The public debate following Obama’s release of the details of CIA interrogations in Guantanamo has centred round whether or not these mentally abusive techniques are torturous enough to make them illegal. And new research published last week in the American Journal of Orthopsychiatry adds to the mounting evidence that they are, or at least that they should be.

Torture victims from former Yugoslavia countries and Turkey rated the stressfulness of their overall torture experience. Those that experienced high levels of cruel, inhuman and degrading treatment (CIDT), such as forced stress positions or waterboarding, rated their overall torture experience as more stressful than those who suffered physical torture. CIDT victims also showed higher rates of post-traumatic stress disorder.

“There is a widely held misconception of torture,” said Dr. Metin Basoglu, author of the study. “It is not just something that happens in the course of the interrogation process. It incorporates all of the other circumstances in which these events occur.”

Basoglu identifies 46 different contextual factors and it was the stress these caused that participants were asked to rate. “Think of it from the perspective of the person. They perceive a wide range of stressors, even when these stressors are not intentionally inflicted upon the person for torture purposes.”
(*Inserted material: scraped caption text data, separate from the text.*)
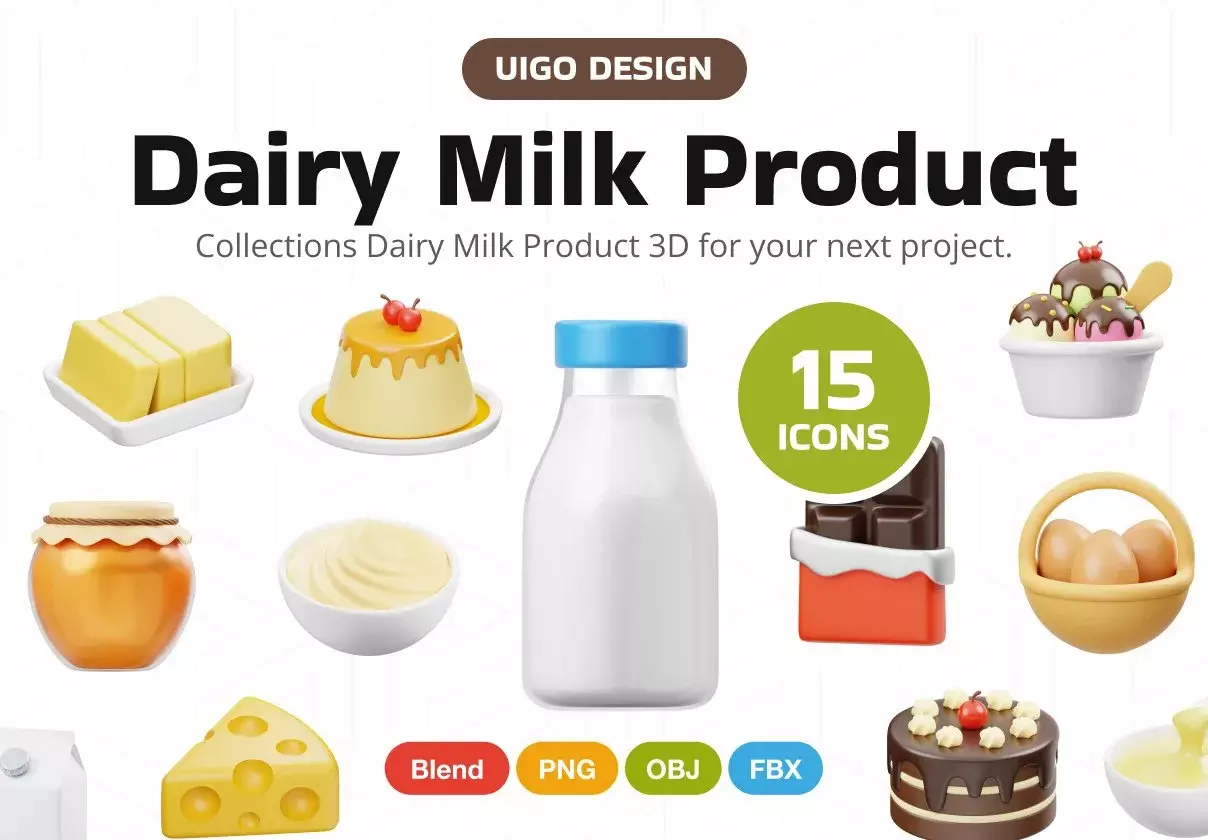 Dairy Milk Product 3D Icon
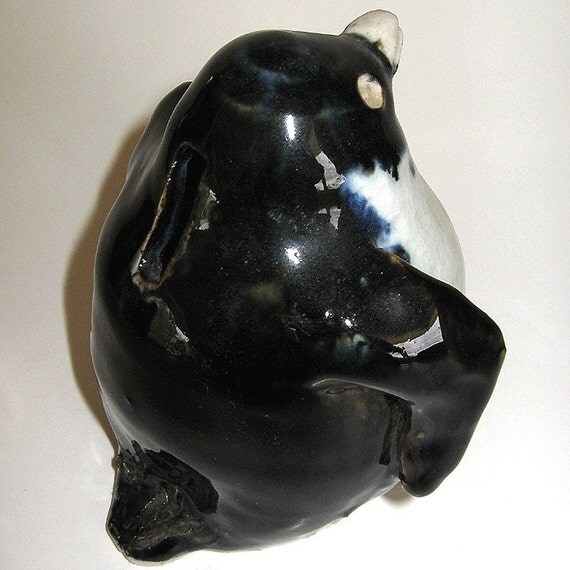 Penguin Piggy Bank Vintage Ceramic Pottery Bird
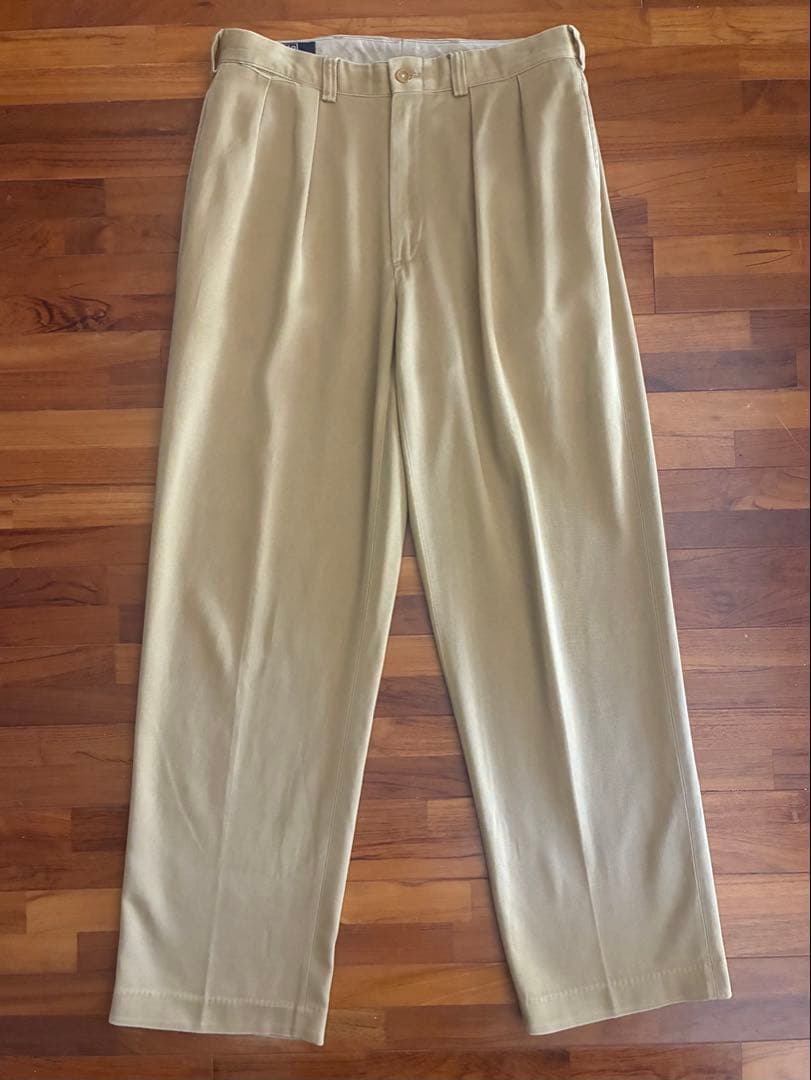 【Polo by Ralph Lauren】USA製 ツータック ワイドチノ Polo Ralph Lauren ポロラルフローレン W36 L29 ポニー刺ロゴ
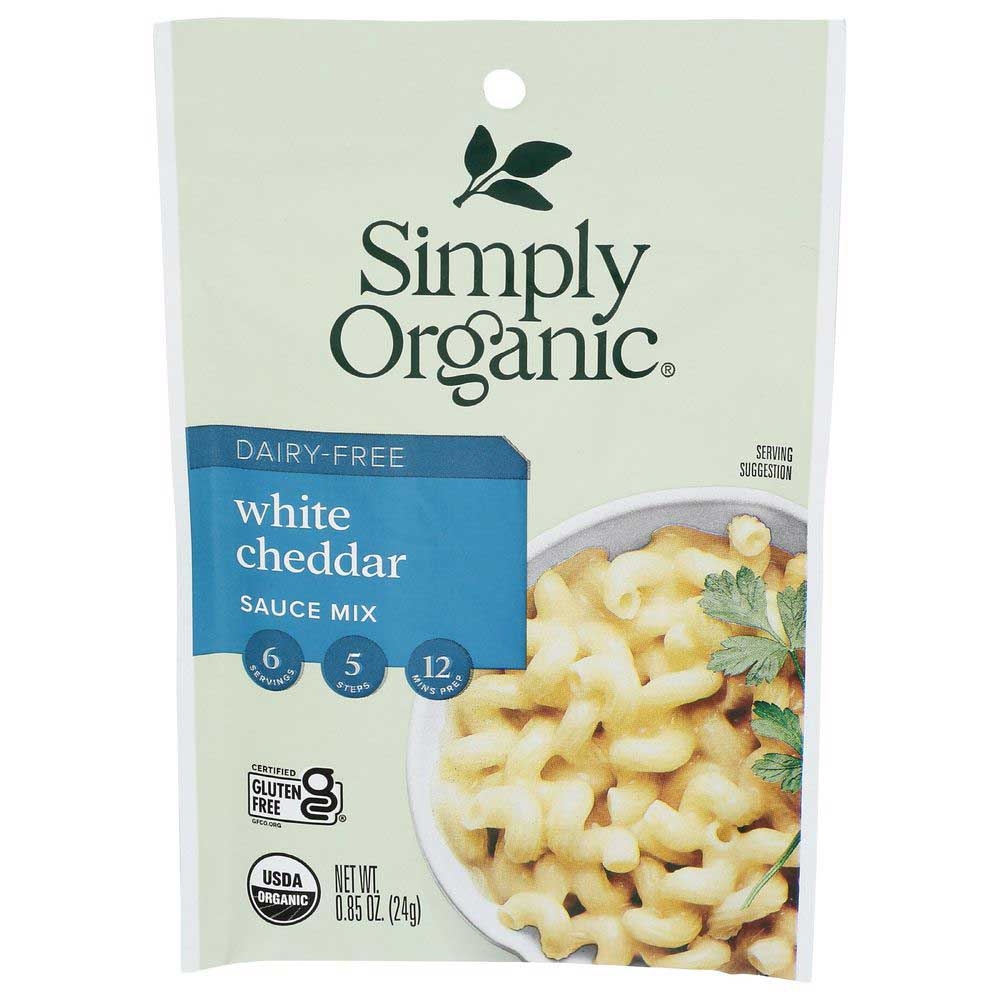 Simply Organic Dairy-Free White Cheddar Sauce Mix, 0.85 Ounce -- 12 per case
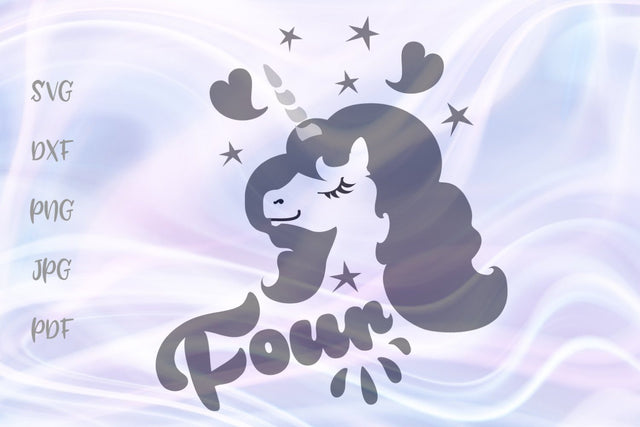 Four Unicorn 4th Birthday Girl SVG, PNG, DXF, PDF, JPG SVG Digitals by Hanna 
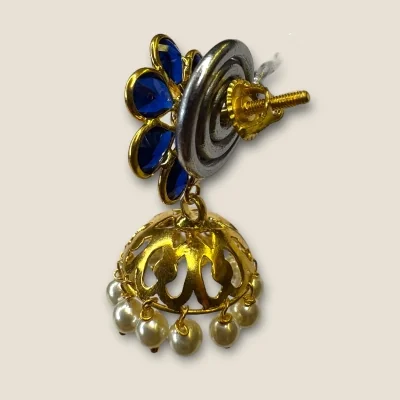 BEAUTIFUL GOLD EARINGS WITH BLUE OR WHITE STONES | STJ11 BEAUTIFUL GOLD EARINGS WITH BLUE OR WHITE STONES | STJ11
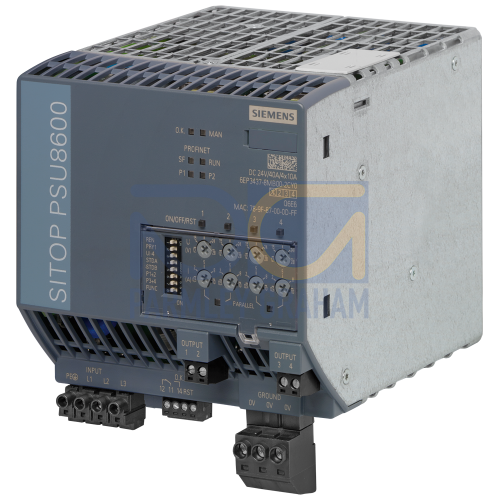 Sitop PSU8600 Base Unit - input 400-500V 3ph - 4 x output@24V/10.0 amp (40amp) -P/Net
It is not just that context is important. It is more important than the amount of physical pain. There is no clear correlation between increased physical pain and overall stress. But the correlation between CIDT and overall stress implies that psychological context is influential.

Therefore, Basoglu argues, the definition of torture used in International law should be modified. “It would be based on four parameters” Intent, purpose and removal of control are all widely-accepted criteria for torture. But Basoglu adds a fourth criterion: “multiple stressors must be present.” So, both combinations of physical events and psychologically stressful situations would constitute torture under this definition.

Others argue this kind of international redefinition is impractical and unnecessary. “Changing international law is not a relevant solution requires a lot of energy and negotiations. And it would take a long time to go through,” said Professor Henry Shue, Professor of International Relations at Oxford University and author of an influential writer on torture. Instead, he believes that what needs to be changed is the US legal definition of torture.

“Under the UN Convention law both torture and what Basoglu calls CIDT are illegal. So the distinction between them does not much matter. But when the US ratified the convention in 1988, Reagan interpreted the convention as only applying to physical abuse and psychological conditions arising from physical abuse.” This meaning is the one that was incorporated into US law in 2006 in the Military Commissions Act.

Shue emphasised that “this is not something that started with Richard Cheney and George Bush”. But under the recent Bush administration it became law. And despite publishing torture memos detailing interrogation techniques used in Guantanamo, Obama has done nothing to reverse the distinction between the UN convention and US law.

“I am disappointed with Obama’s response on this issue. He has said he wishes to abolish torture, but has not addressed the definition of torture,” Shue said. He explained that it still leaves open the possibility of future Guantanamo like interrogations.

In the face of research like Basolgu’s, it is difficult to see how America can keep using the narrow Reagan definition. Redefining torture might seem like a pedantic effort in the case of international law. But in the US, we have already witnessed the horrifying consequences of leaving a gap between what is torturous and what is law. Let’s hope the Obama administration doesn’t let this linger – that they don’t let it become their first mistake.